#### RECORDED INFORMATION:

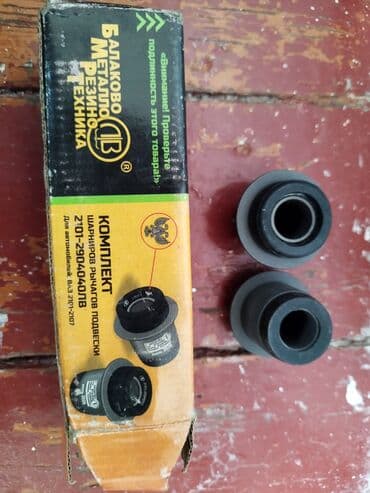 Комплект стабилизаторов ВАЗ (LADA) Б/у, Оригинал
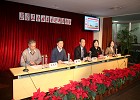 我校召开2012年工会妇委会迎新表彰会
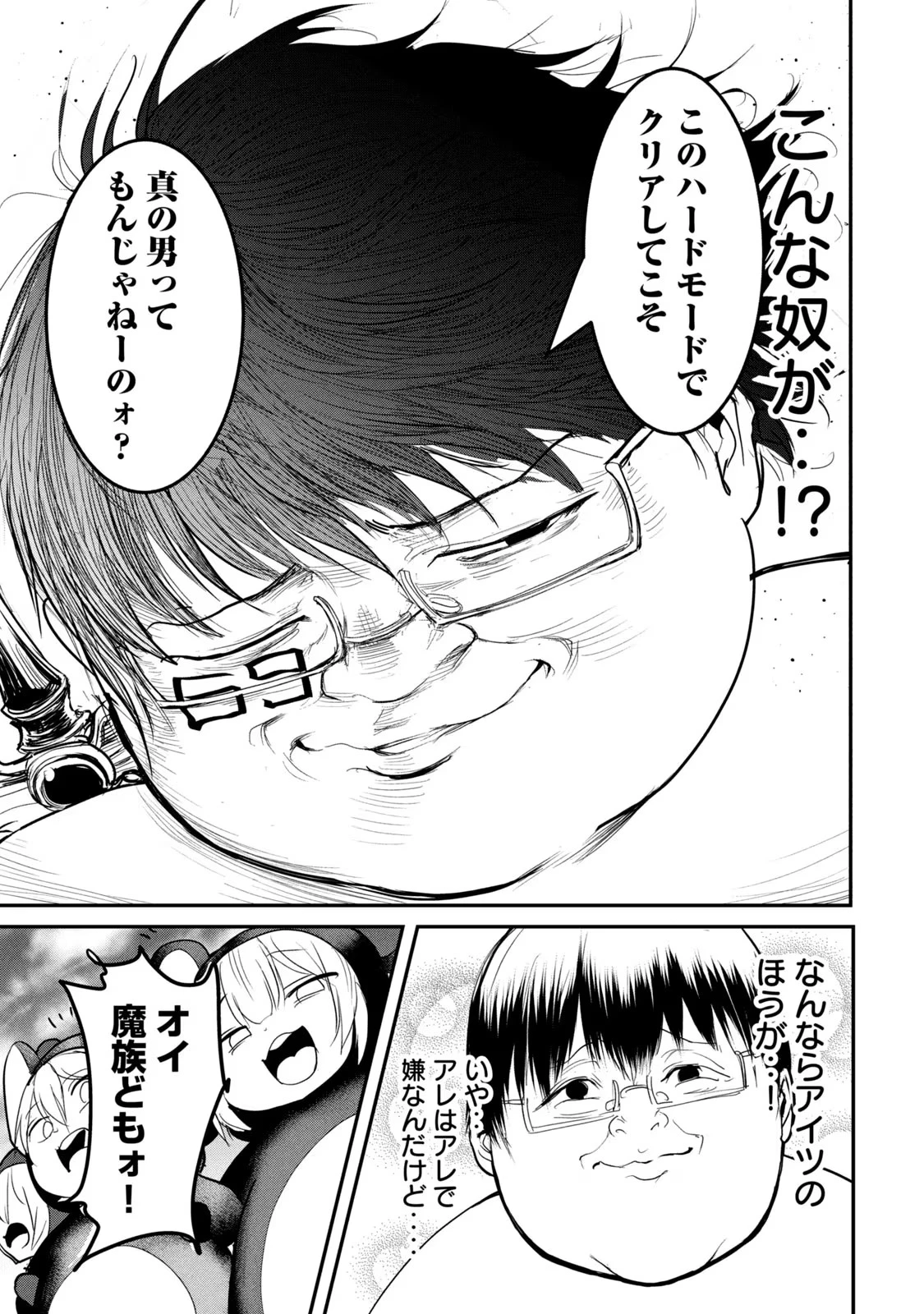 股間無双嫌われ勇者は魔族に愛される 第22話 - 33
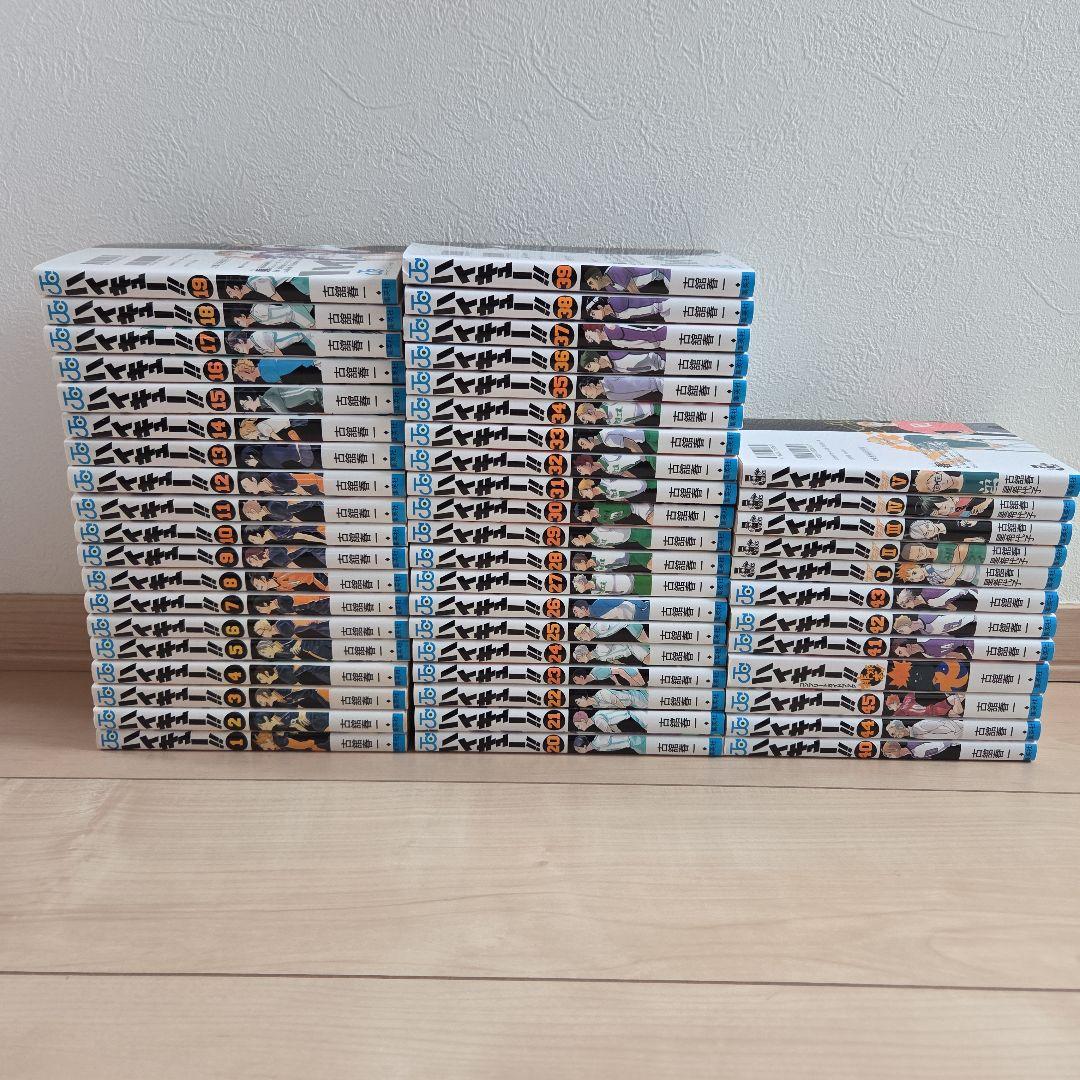 最終値下ハイキュー!! 1-45全巻コンプリートガイドブック 排球本!小説1-5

#### WORK INSTRUCTIONS:
When you copy the data above, reproduce each line exactly and skip every image.

#### EXERCISE OUTPUT:
 Комплект стабилизаторов ВАЗ (LADA) Б/у, Оригинал
 我校召开2012年工会妇委会迎新表彰会
 股間無双嫌われ勇者は魔族に愛される 第22話 - 33
 最終値下ハイキュー!! 1-45全巻コンプリートガイドブック 排球本!小説1-5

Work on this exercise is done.